Google Cloud Tasks cannot authenticate to Cloud Run

Asked 9/4, 2020 at 16:23 Answered 9/9, 2023 at 19:35

Solved service-accounts google-cloud-run google-cloud-tasks

I am trying to invoke a Cloud Run service using Cloud Tasks as described in the docs here.

I have a running Cloud Run service. If I make the service publicly accessible, it behaves as expected.

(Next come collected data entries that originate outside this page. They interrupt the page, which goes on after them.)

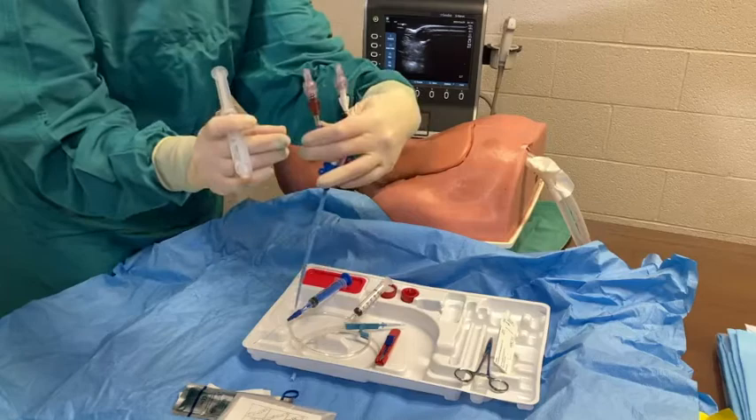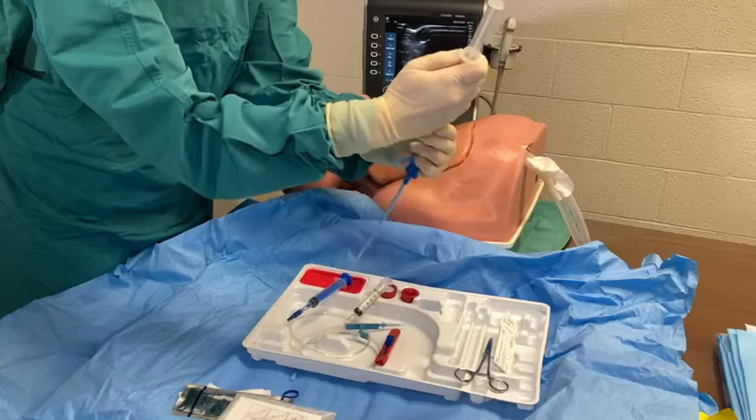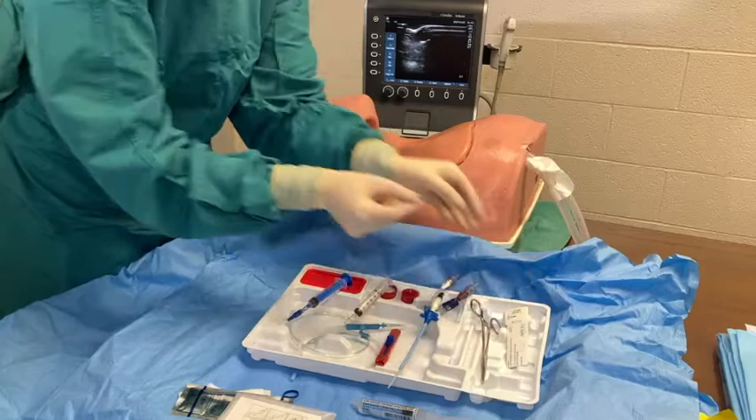Flush each port before use. The forcep and suture in the kit will be used to attach the MAC to the patient's skin.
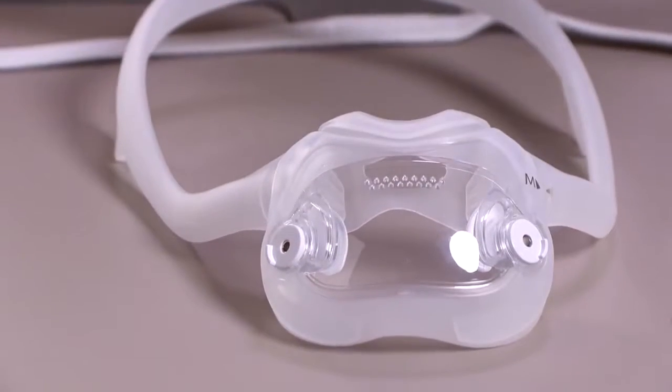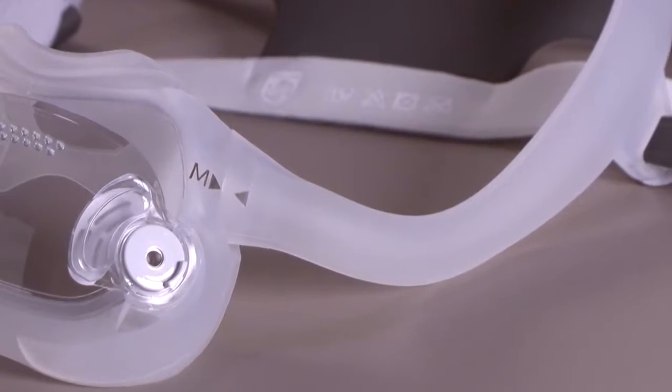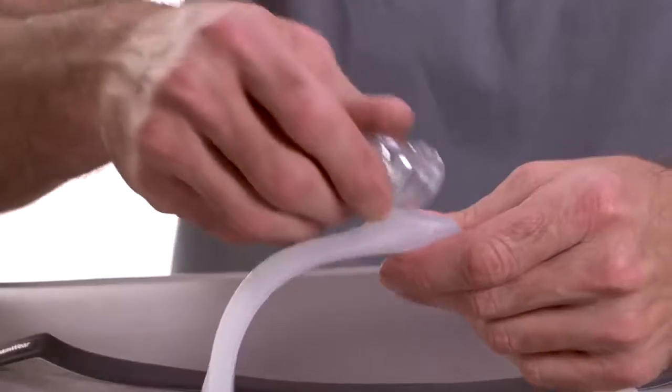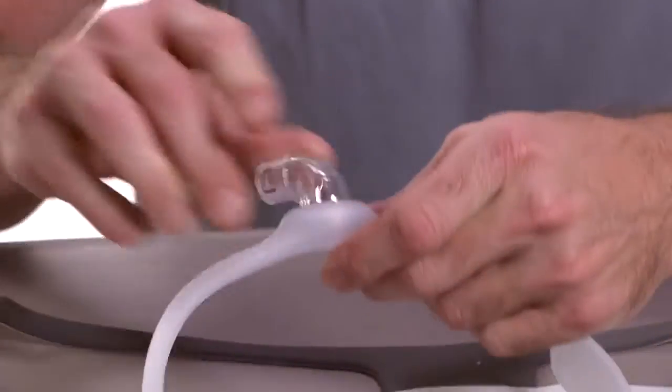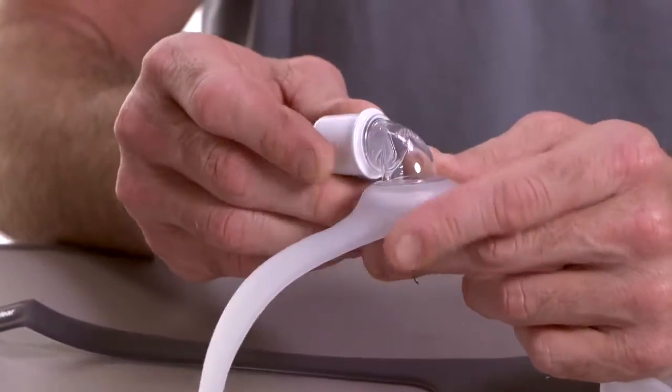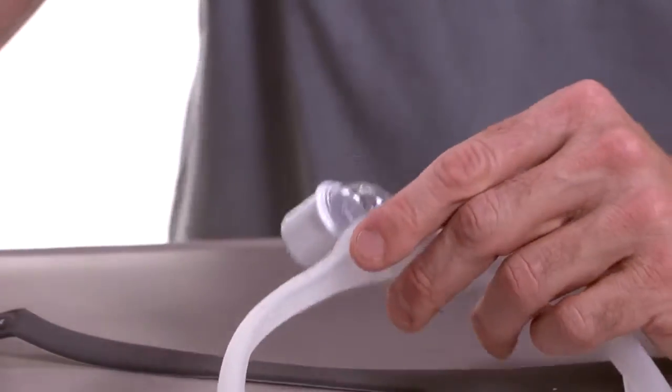You should hear it click into place, and the arrow on the cushion should align with the arrow on the mask frame. Insert the elbow into the top of the mask frame. Push the tubing quick release onto the elbow — once again, you should hear it click into place.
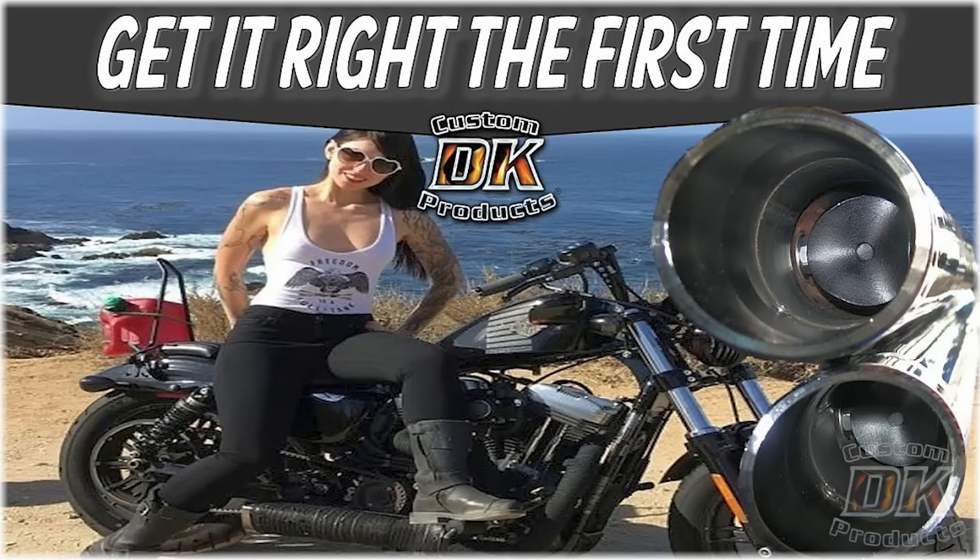He was also asking should he get aftermarket exhaust, should he get baffles, how will it sound? The thing is, sound is different to every single person. So we made a whole video on how to get exhaust right the first time — we'll put that up in the corner — so that you're not spending $500, $1,000, or $1,500 on an exhaust system and then either spending another $1,000 to $1,500, or just having to settle.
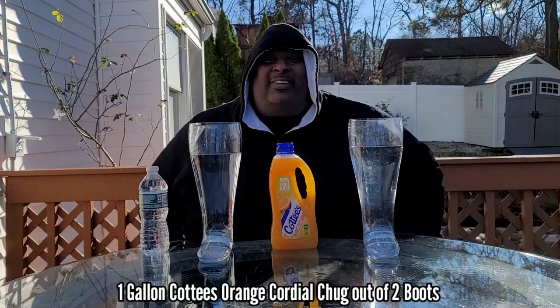Welcome my friends back to Bad Lance Chugs. I know I've been away for a while, but I'm back now so it's all good. The chugs will continue.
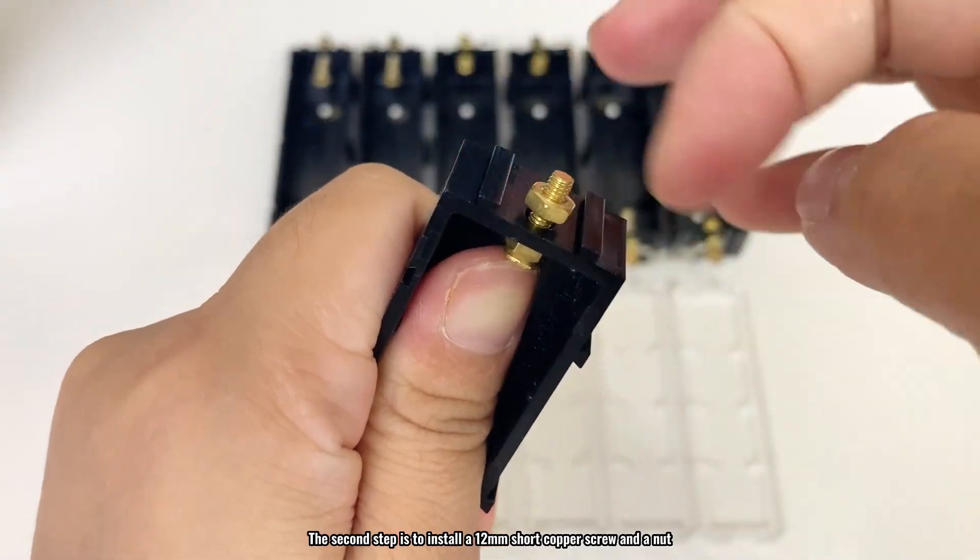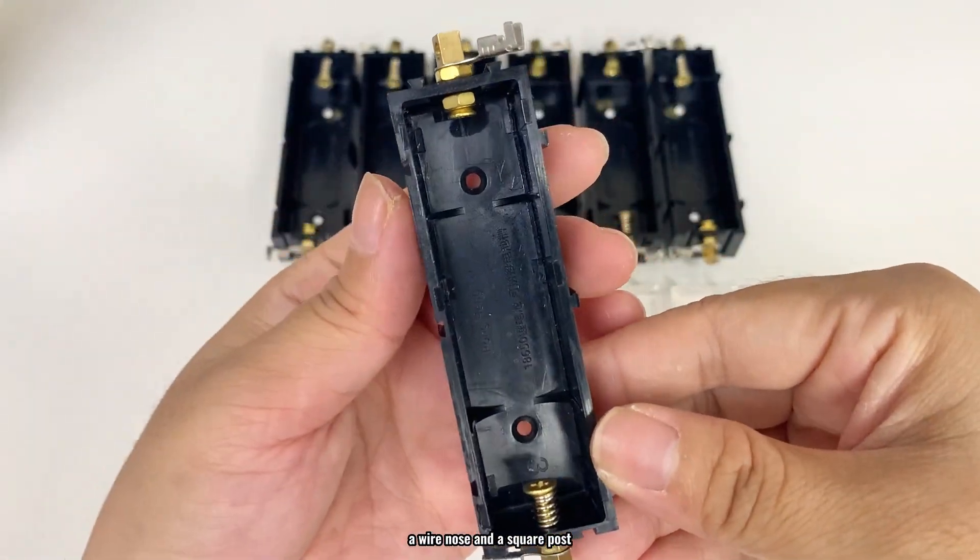The second step is to install a 12mm short copper screw and a nut. Add a nut on the outside, a wire nose, and a square post.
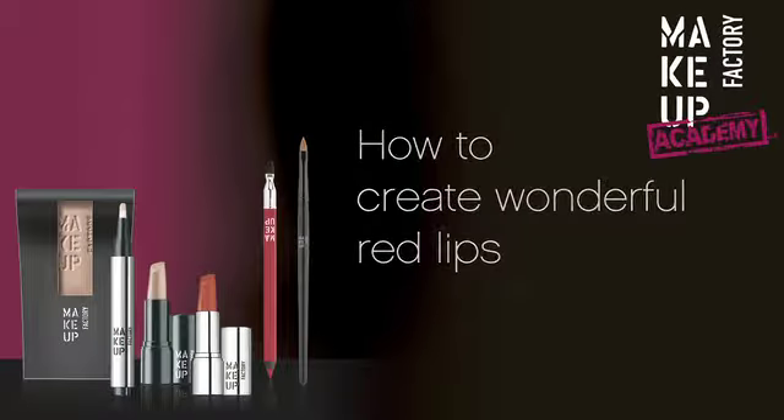Wonderful red lips. In this video we will take you step by step through creating a classic red lip look.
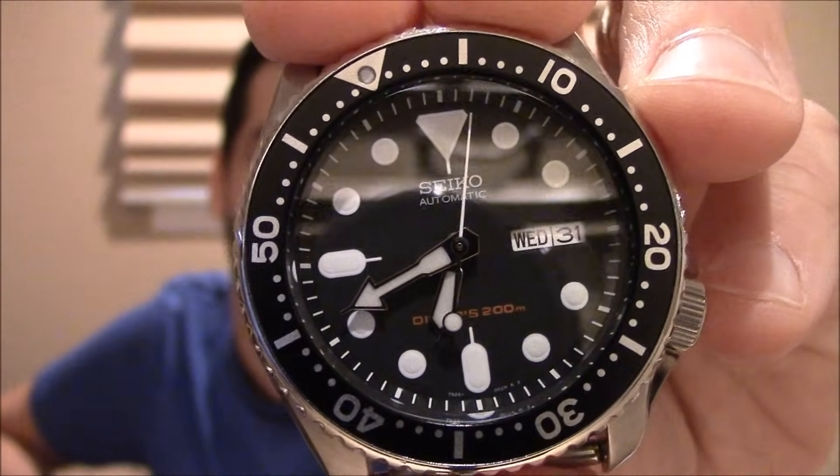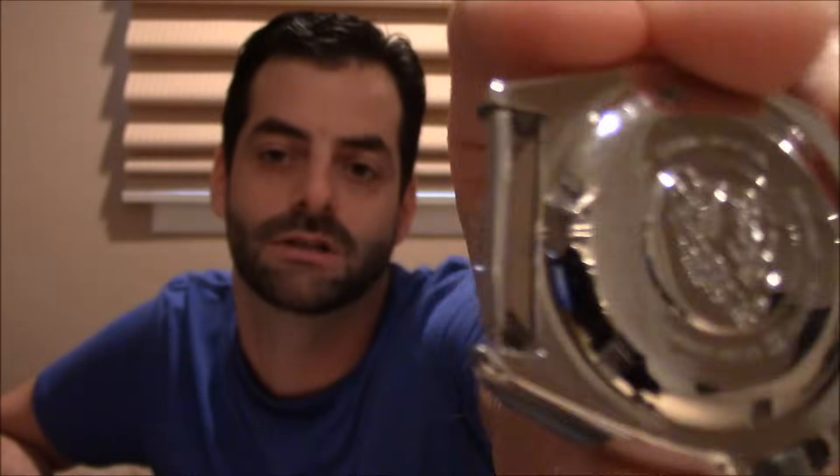Now we come to the big boy — the diver's spec, ISO 6425. I've got a Seiko SKX007 here. This is a diver's watch and it carries — just under the hour hand — 'Divers 200 meter,' and also on the case back 'Scuba Divers' is written. That diver's mark is almost like a trademark — it means you've met ISO 6425. A lot of the dive watches we sell are certified to ISO 6425: the Seikos, your SKX007s, your Monsters, your Prospex divers, Orient M-Force divers — all ISO 6425 rated.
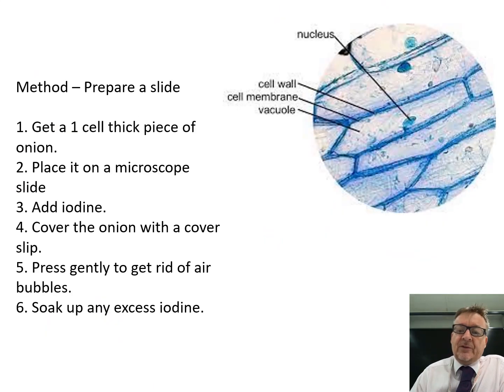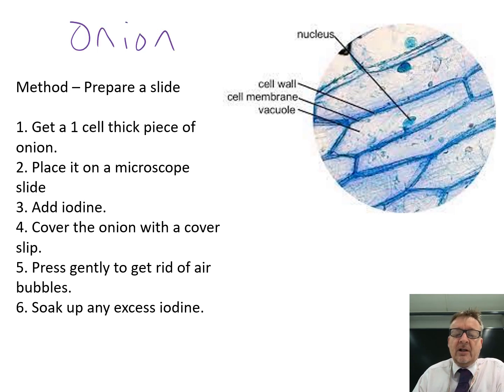Now you've worked out how to use the microscope, you need to prepare a slide using a standard method. Usually this is done with onions, because it's relatively easy to get a very thin piece.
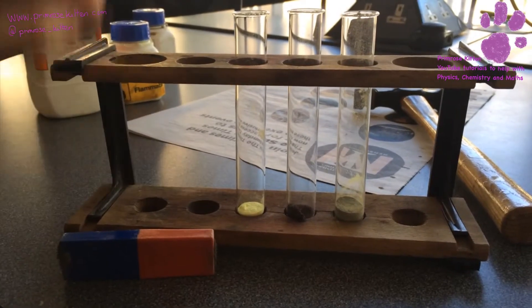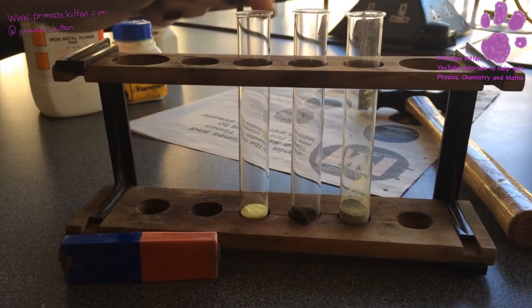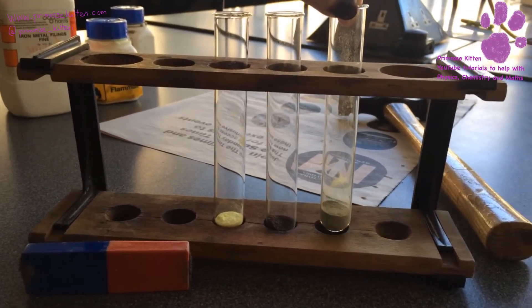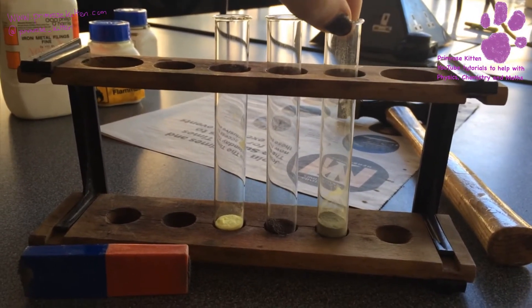So here we have some sulfur. You can see that it is yellow. Here we have some iron filings — they are a brown color. And this is a mixture of sulfur and iron. It's kind of a dark yellow color.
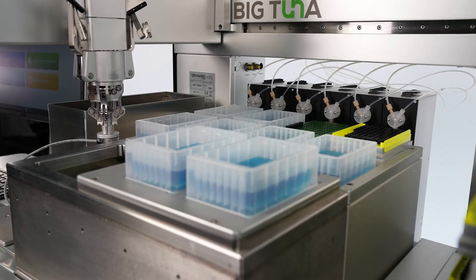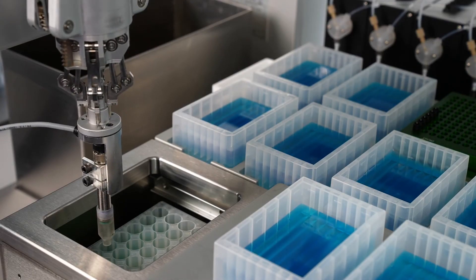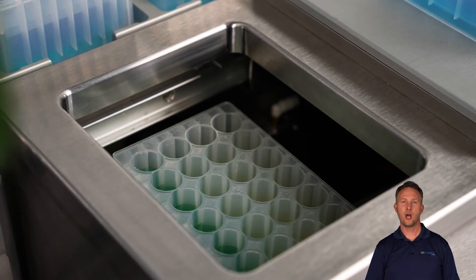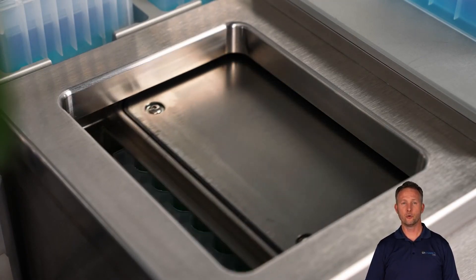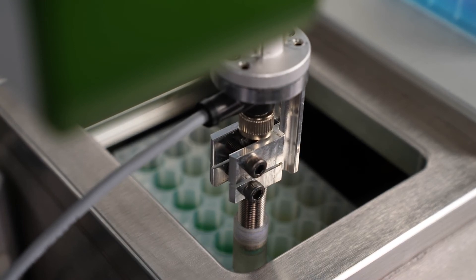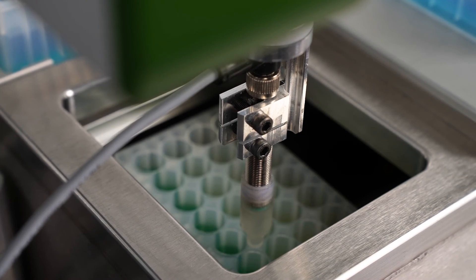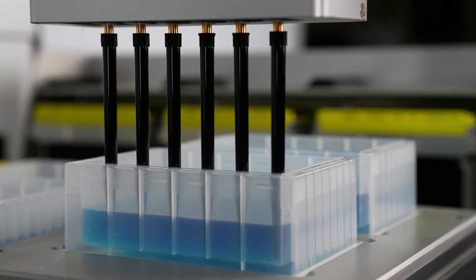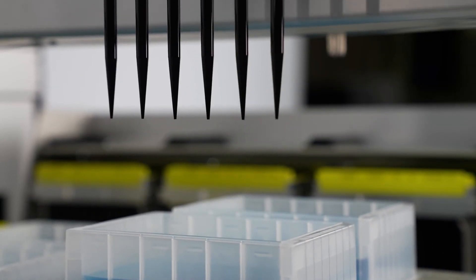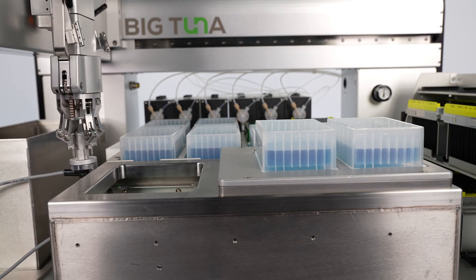Place the prepped Unfilter into the buffer exchange chamber and Big Tuna will kick off the run by measuring the initial volume using its acoustic sensor. Next, Big Tuna's buffer exchange chamber applies positive pressure to remove filtrate. Once filtrate is removed after some pressurization time, the acoustic sensor measures the volume again to determine how much filtrate has been removed. Then Big Tuna will fill each well with new buffer to the initial volume automatically. This process is performed in repeated cycles until all the old buffer is displaced.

I have created a cloud queue and I schedule the cloud task with a local script. This one is using my own account. The script looks like this

from google.cloud import tasks_v2

client = tasks_v2.CloudTasksClient()

project = 'my-project'
queue = 'my-queue'
location = 'europe-west1'
url = 'https://url_to_my_service'

parent = client.queue_path(project, location, queue)

task = {
        'http_request': {
            'http_method': 'GET',
            'url': url,
            'oidc_token': {
               'service_account_email': '[email protected]'
            }
        }
}

response = client.create_task(parent, task)
print('Created task {}'.format(response.name))

I see the task appear in the queue, but it fails and retries immediately. The reason for this (by checking the logs) is that the Cloud Run service returns a 401 response.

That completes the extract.